S
hodo... une petite île que beaucoup ont relégué au fin fond de leur subconscient. En effet, sa population est composée uniquement des pires criminels de la société. Au fil du temps, une véritable organisation s'y est créée avec pour seule loi, "celui qui entre ne sortira jamais". Mais voilà que soixante ans plus tard, le vol d'un dangereux médicament encore en test dans la grande cité démontre que la règle a été transgressée, car le suspect ne peut venir que de ce lieu maudit. Le fragile équilibre vacille.
Le coréen Hyung Min Woo est connu pour sa série torturée Priest. S'il conserve une veine mystique qui rendait son œuvre précédente assez hermétique, le scénario est ici beaucoup plus accessible. Il s'agit de guerre des clans, de stratégie du plus fort mais aussi de politique retorse. Si de prime abord, Ghostface ressemble à un manhwa d'action classique, frontale, force est de constater que l'intrigue est plus subtile, servies par des dialogues de bonne qualité. Les premiers chapitres servent de présentation des lieux et des enjeux pour ensuite entrer pleinement dans le vif.
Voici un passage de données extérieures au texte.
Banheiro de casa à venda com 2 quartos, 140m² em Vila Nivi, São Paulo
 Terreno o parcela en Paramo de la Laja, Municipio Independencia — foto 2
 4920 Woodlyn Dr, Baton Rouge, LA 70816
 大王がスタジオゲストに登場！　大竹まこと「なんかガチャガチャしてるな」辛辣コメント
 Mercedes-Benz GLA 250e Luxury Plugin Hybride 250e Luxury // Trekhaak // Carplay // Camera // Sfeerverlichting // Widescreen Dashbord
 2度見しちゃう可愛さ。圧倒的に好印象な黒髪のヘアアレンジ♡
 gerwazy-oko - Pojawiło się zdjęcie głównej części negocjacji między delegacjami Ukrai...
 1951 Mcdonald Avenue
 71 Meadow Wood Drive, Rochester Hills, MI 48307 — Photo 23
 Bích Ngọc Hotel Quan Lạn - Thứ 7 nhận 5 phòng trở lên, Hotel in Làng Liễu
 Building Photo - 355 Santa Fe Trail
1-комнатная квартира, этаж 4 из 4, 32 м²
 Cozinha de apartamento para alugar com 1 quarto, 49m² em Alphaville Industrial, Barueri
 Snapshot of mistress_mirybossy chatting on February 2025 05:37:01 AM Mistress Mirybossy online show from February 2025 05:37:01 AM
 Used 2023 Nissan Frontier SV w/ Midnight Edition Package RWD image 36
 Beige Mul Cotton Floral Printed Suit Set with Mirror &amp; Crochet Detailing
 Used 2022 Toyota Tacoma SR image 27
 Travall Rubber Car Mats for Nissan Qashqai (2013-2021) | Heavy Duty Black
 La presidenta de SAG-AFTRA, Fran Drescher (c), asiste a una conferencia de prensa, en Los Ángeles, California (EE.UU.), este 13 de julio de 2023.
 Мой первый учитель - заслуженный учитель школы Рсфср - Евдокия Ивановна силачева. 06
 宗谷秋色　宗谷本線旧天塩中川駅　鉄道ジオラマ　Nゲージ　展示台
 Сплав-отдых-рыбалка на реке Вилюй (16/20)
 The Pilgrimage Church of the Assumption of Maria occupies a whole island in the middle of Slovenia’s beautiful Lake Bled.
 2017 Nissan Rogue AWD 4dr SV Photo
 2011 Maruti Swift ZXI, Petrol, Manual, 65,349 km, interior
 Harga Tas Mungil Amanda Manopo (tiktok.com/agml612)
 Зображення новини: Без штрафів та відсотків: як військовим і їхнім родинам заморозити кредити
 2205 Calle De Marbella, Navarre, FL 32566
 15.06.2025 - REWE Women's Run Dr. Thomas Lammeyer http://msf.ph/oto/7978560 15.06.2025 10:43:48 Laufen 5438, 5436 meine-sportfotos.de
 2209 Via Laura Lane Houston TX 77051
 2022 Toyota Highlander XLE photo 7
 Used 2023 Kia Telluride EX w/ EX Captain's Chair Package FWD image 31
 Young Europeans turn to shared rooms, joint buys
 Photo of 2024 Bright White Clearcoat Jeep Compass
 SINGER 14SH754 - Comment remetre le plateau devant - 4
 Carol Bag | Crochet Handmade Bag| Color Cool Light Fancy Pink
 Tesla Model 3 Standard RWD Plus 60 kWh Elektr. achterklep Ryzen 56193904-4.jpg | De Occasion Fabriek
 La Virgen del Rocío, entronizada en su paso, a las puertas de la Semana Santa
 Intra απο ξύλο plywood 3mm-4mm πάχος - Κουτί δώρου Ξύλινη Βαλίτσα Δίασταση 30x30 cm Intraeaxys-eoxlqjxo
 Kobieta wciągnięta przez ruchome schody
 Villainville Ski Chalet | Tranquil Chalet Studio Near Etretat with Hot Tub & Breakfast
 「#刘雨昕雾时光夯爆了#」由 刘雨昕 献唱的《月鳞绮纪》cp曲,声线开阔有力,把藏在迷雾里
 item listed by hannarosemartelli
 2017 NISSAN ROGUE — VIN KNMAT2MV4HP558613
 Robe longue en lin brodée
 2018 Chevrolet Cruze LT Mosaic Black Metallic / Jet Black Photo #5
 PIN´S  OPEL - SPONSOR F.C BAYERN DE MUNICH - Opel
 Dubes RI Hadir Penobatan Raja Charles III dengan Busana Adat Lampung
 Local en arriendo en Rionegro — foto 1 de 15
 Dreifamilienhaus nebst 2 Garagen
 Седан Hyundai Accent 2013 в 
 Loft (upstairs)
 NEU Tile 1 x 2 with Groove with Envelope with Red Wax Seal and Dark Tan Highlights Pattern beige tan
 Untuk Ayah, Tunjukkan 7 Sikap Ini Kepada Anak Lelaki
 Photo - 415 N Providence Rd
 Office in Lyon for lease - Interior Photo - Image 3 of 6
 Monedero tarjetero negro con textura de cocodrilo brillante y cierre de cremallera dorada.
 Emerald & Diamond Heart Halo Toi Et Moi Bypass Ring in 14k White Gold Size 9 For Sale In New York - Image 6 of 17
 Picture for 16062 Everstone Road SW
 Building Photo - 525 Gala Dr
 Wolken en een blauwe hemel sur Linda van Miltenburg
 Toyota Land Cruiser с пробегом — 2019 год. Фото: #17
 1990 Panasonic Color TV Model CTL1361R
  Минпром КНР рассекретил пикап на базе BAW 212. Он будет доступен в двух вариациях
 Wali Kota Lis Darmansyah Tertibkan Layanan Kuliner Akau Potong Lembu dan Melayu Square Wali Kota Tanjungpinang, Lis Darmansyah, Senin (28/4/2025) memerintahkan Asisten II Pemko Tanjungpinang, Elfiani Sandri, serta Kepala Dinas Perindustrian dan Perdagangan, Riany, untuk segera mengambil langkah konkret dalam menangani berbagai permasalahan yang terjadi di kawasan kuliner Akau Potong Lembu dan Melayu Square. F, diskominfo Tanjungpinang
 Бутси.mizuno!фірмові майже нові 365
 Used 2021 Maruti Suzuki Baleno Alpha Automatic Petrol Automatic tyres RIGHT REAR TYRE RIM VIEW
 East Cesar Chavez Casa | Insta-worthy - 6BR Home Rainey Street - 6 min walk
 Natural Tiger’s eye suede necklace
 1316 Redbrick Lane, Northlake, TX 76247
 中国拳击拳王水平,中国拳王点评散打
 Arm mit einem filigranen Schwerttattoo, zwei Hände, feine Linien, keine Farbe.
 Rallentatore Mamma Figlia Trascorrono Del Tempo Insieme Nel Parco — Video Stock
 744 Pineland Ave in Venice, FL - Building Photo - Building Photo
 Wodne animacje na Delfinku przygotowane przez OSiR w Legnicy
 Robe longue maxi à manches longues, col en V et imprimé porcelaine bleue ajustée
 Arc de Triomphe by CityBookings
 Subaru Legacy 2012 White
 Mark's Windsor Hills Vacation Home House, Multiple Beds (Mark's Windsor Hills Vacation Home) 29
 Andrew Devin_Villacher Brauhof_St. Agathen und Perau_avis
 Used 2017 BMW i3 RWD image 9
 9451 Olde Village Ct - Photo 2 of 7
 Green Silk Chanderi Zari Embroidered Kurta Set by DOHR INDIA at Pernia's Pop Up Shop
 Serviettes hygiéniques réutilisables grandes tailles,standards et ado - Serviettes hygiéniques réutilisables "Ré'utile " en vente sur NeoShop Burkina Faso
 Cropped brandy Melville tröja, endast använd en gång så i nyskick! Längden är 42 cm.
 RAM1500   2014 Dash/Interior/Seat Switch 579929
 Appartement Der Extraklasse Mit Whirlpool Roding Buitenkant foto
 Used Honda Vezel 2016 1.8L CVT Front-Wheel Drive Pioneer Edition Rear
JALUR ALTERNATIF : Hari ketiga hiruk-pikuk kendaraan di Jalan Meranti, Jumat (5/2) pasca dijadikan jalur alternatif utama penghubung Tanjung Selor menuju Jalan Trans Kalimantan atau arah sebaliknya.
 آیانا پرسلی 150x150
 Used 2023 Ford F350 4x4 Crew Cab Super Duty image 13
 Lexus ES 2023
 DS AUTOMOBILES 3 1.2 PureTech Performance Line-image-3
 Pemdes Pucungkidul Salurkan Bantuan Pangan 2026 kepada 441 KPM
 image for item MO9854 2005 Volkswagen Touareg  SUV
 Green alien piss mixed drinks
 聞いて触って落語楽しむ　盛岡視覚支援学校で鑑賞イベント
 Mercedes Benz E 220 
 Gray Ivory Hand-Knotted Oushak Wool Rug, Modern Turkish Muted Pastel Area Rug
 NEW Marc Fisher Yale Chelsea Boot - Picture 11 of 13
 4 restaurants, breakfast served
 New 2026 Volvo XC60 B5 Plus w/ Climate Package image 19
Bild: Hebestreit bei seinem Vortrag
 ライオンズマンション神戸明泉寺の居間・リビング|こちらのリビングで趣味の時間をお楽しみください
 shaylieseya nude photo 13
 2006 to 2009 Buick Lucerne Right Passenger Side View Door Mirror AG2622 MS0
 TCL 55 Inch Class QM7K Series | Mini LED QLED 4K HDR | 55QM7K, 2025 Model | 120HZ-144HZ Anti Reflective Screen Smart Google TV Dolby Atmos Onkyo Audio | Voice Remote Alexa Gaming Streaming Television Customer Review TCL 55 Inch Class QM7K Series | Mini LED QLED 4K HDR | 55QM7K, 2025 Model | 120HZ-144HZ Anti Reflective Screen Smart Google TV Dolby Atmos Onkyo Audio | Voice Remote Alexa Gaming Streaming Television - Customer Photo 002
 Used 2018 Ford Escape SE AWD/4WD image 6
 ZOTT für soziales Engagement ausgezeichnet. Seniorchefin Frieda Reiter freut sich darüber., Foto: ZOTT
Le pari risqué de ne pas avoir de héros à proprement dit fonctionne dans la mesure où ceux mis en valeur sont relativement intéressants, les autres servant de prétexte à des duels endiablés. Du folklore asiatique est enchâssé dans la violence brute, rendant originales les scènes de combat. L'équilibre entre action et réflexion est réussi. Une certaine poésie mélancolique se dégage par moment, spécialement quand la mystérieuse Naomie entre en scène. Les tenants et aboutissants de l'intrigue se dévoilent au fur et à mesure de la lecture, entretenant le suspens, pour se clore sur une fin ouverte.
Visuellement, le trait fin et nerveux de l'auteur est très esthétique. Le design des personnages s'inspire des années quatre-vingts (Albator, Cobra)) avec des silhouettes longilignes et des muscles apparents. La gent féminine n'est pas en reste, avec des corps bien sûr parfaits et généreusement proportionnés ! Les arrière-plans sont plutôt recherchés et se chargent, avec les couleurs, de créer une ambiance de méfiance et de danger omniprésent. Le découpage est dynamique, la lecture fluide.
Pour les lecteurs ayant connu la première édition de deux épisodes chez Kantik (2009), un regret persistera car le passage du grand au petit format et du papier glacé au papier mat a tendance à ternir et assombrir la colorisation. Dommage, car elle fait partie des points forts de l'ouvrage. Au final,Ghostface ne brille peut-être pas par son scénario mais par son atmosphère particulière mêlée de spleen et le graphisme, les deux véritables atouts de Hyung Min Wo.